2. Каково должно быть отношение к душевному миру другого человека?

"Отсутствие корыстного интереса, некоторого любопытства и смакования чужих переживаний должно сочетаться в первую очередь с напряженной доброжелательностью, с какой-то постоянной неутомимостью в отношении другой души. Надо уметь в буквальном смысле "ставить себя на место" другого человека, пытаться из него оценивать и переживать то, что он чувствует, быть для каждого каждым.

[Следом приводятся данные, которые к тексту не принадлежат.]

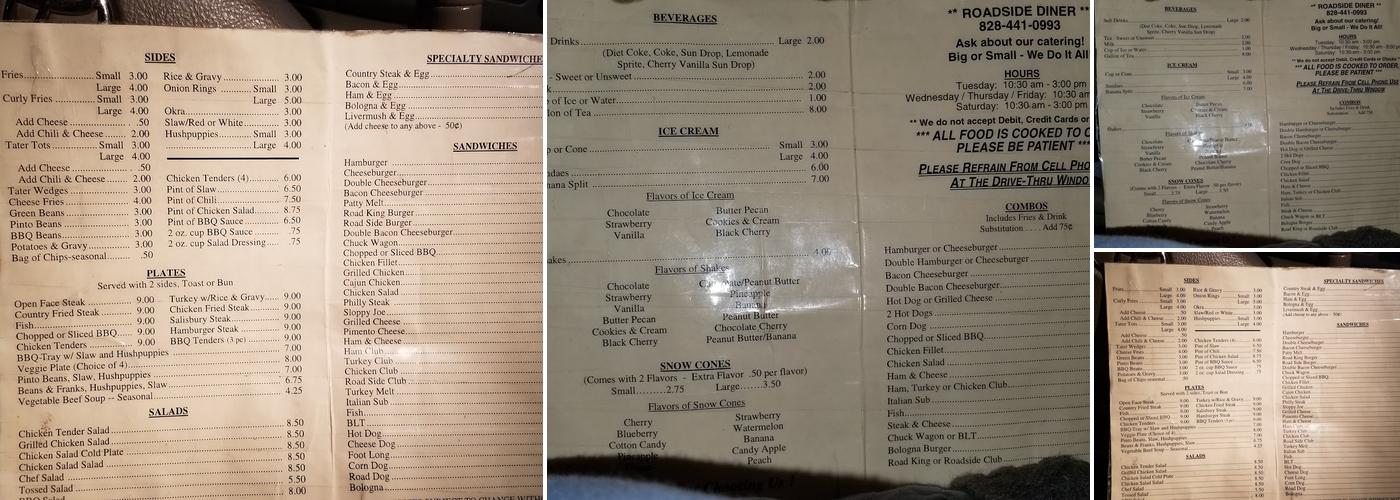 Roadside Grill Menu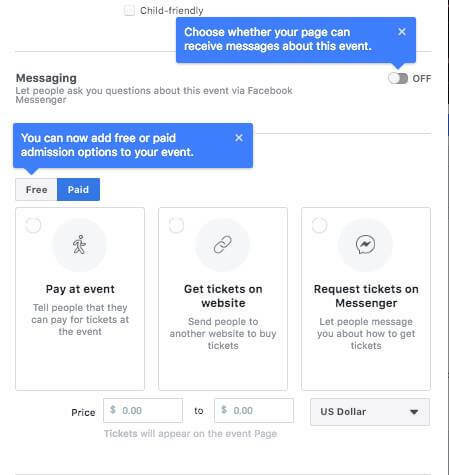 Facebook verkar testa möjligheten att låta folk ställa frågor via Facebook Messenger, lägga till gratis eller betalt inträdesalternativ för ett evenemang och ställ in ett biljettprisintervall när du skapar ett Facebook-evenemang Sida.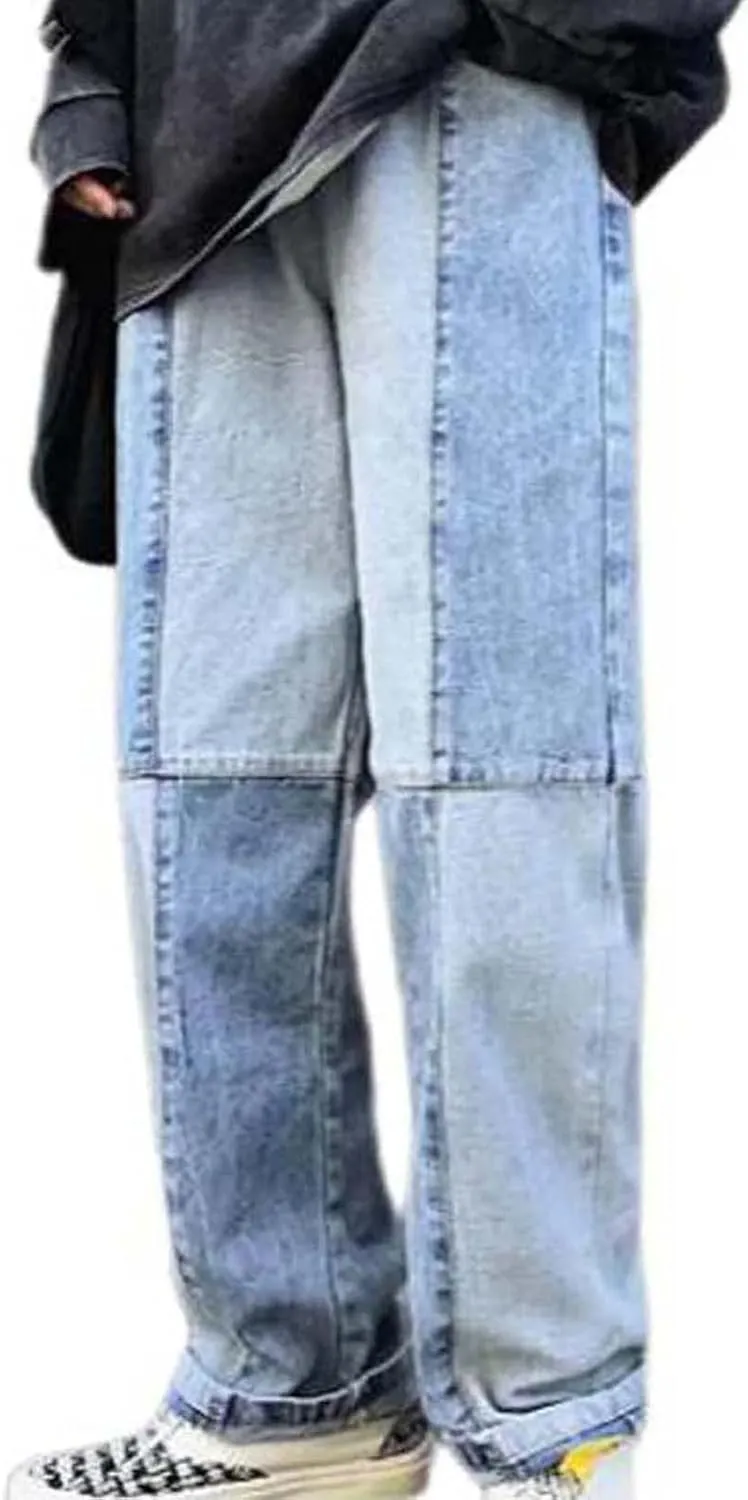 Men's Jeans Patchwork Jeans Pants Vintage Casual Relaxed Fit Jeans Trousers Denim Pants Baggy Hip Hop Y2K Streetwear Fashion
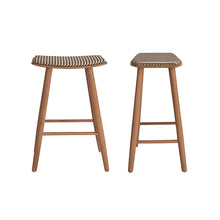 Lot de 2 tabourets en teck massif et assise à rayures 65 cm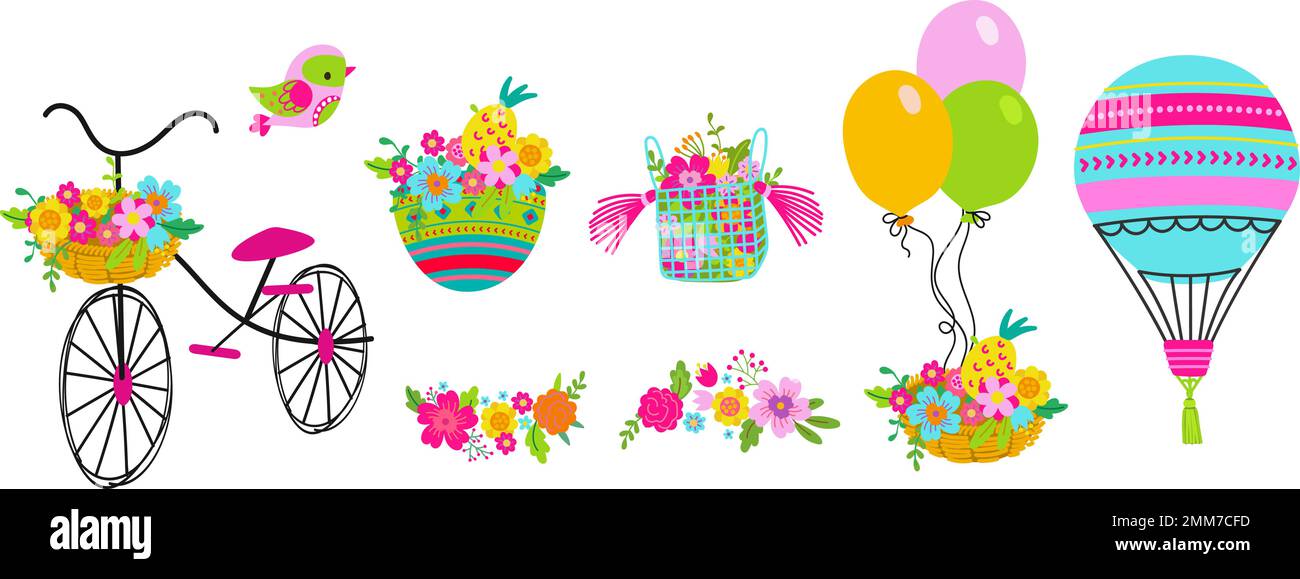 Eléments des vacances d'été du printemps. Bouquets fleuris en paniers, vélo rétro avec fleurs et ballons. Ballon d'air chaud isolé, oiseau. Romantique Illustration de Vecteur
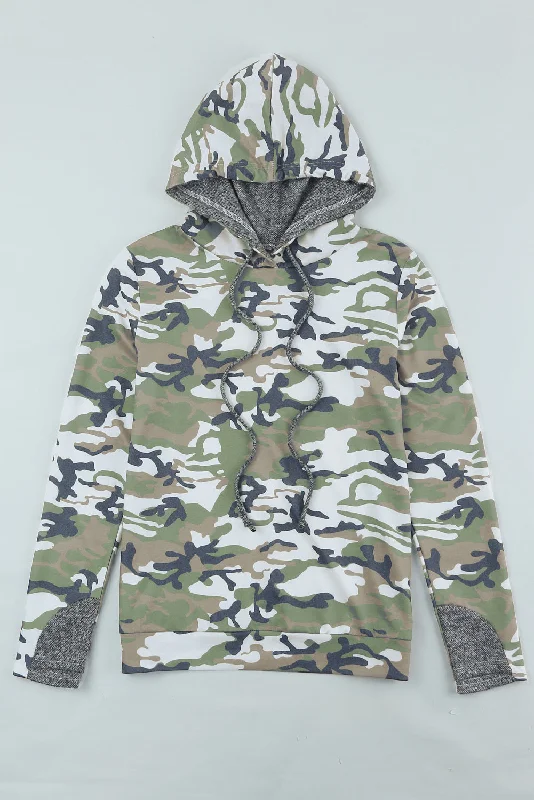 Markdown Madness Camouflage Sequin Drawstring Hoodie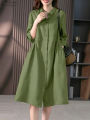 Women Causal Shirt Dress Women Long Sleeve Solid Dresses ZANZEA Fashion Lapel Neck Midi Vestidos Holiday Sundress Oversize.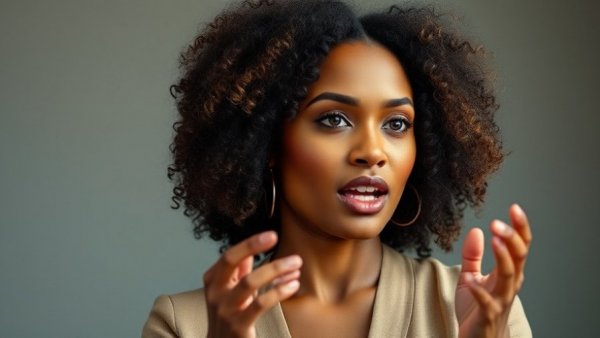 Confident woman speaking about making change stick with tiny swaps.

…Тут две противоположных опасности. С одной стороны, можно подойти к человеку с меркой все нивелирующей доктрины и начать рассекать его живую и болящую душу, с другой – не менее опасно некое сентиментальное принятие во что бы то ни стало всего человека, его души вместе со всеми ее болезнями и наростами. Мера дается вниманием, трезвостью и любовью."

3. "Область духа требует самого большого напряжения в отношении к человеку и самому себе… Духовная эстетика тут заключается в самом открытом, недвусмысленном и сознательном отказе от самого себя, в готовности быть всегда в воле Божией, в надежде стать исполнителем Божьего замысла в мире, орудием в его руках, средством, а не целью.

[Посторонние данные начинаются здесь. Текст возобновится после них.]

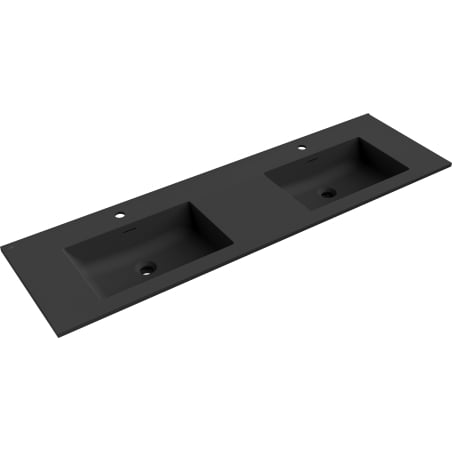 Mexen Otis Doppelwaschbecken Einbau in die Arbeitsplatte 161 x 46,5 cm, schwarz matt - 25181671D
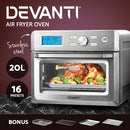 Devanti 20L Air Fryer Convection Oven Oil Free Fryers Kitchen Healthy Cooker Accessories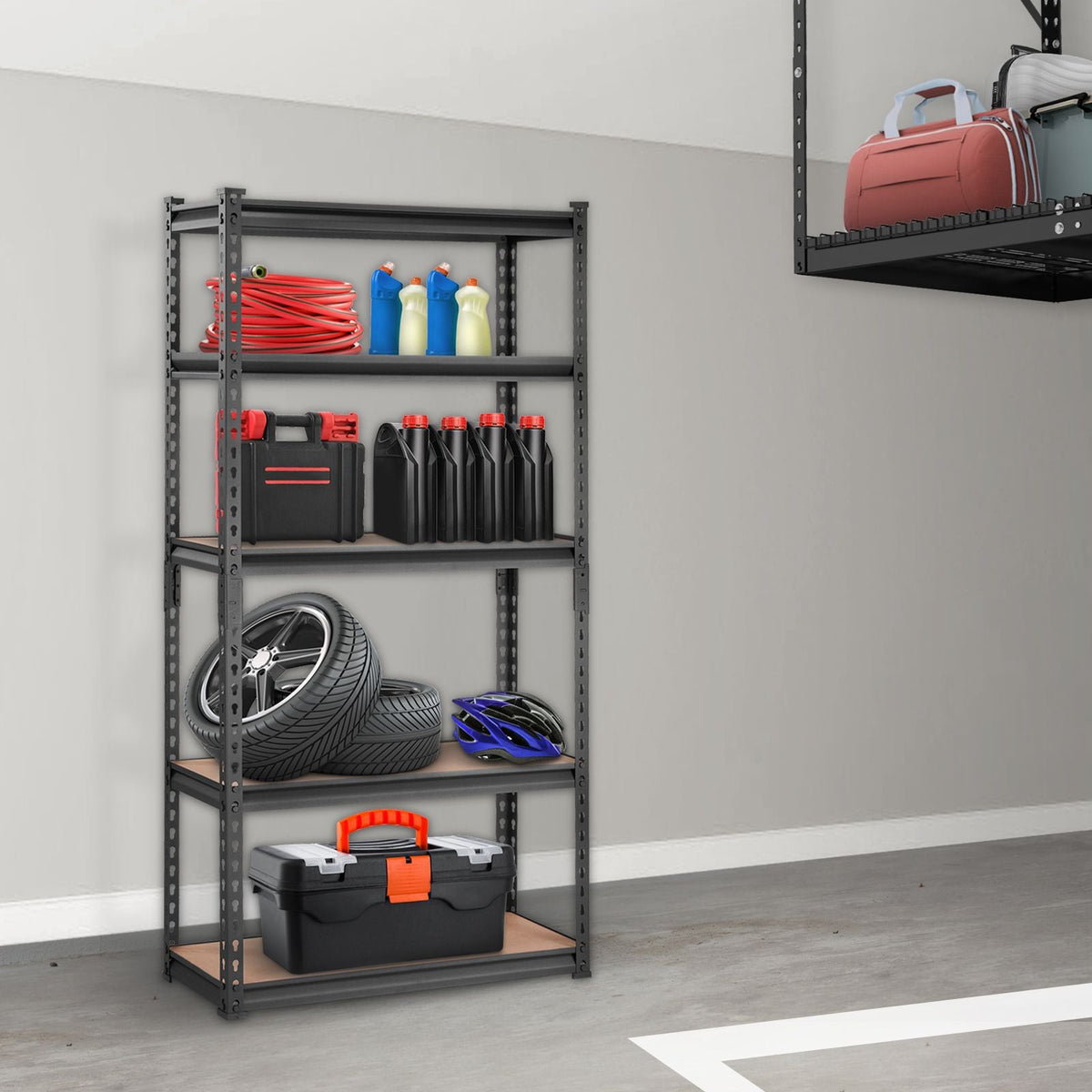 Storage Shelving Unit, 5-Tier Adjustable, 2000 lbs Capacity, Heavy Duty Garage Shelves Metal Organizer Utility Rack, Black, 30" L x 12" W x 60" H for Kitchen Pantry Basement Bathroom Laundry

…Обращаясь к другому, к тому, служить которому он призван, человек не может в области духовной подменять все лишь отбором высших духовных свойств… Обращаясь своим духовным миром к духовному миру другого, он встречается со страшной, вдохновляющей тайной подлинного боговедения. потому что он встречается не с плотью и кровью, не с чувствами и настроениями, а с подлинным образом Божиим в человеке, самой воплощенной иконой Бога в мире, с отблеском тайны боговоплощения и Богочеловечества. И человек должен безусловно и безоговорочно принять это страшное Богооткровение, преклониться перед образом Божиим в своем брате. И только когда он это почувствует, увидит и поймет, ему откроется и еще другая тайна, которая требует его самой напряженной борьбы, самого большого его аскетического восхождения. Он увидит, как этот образ Божий затуманен, искажен, исковеркан злой силой. Он увидит сердце человеческое, где диавол ведет непрерывную борьбу с Богом, и он захочет во имя образа Божьего, затемненного диаволом, во имя пронзившей его сердце любви к этому образу Божьему, начать борьбу с диаволом. стать оружием Божиим в этом страшном деле. Он это сможет, если все его упование будет на Бога, а не на себя, он это сможет, если у него не будет ни одного самого утонченного, самого корыстного желания, если он, подобно Давиду, сложит с себя доспехи и только с именем Божиим кинется в бой с Голиафом."

27 сентября 1935 г. в церкви Покрова Божьей Матери, что существовала при общежитии на улице Лурмель, было освящено литургией создание общества "Православное дело". Название общества, которое преследовало создание нового типа религиозной жизни, требующей такого же самоотвержения, как монашество, но совершенно отличного от него по своей форме, предложил Николай Бердяев.

В его состав вошли: философ Н.Бердяев, богослов С. Булгаков, историк Г. Федотов, ученый литературовед К. Мочульский, поэт мать Мария.

На торжественном заседании 27 сентября Владыка Евлогий сказал: "Помогайте меньшей братии. Храни вас Господь. Над вами Покров Пресвятой Богородицы".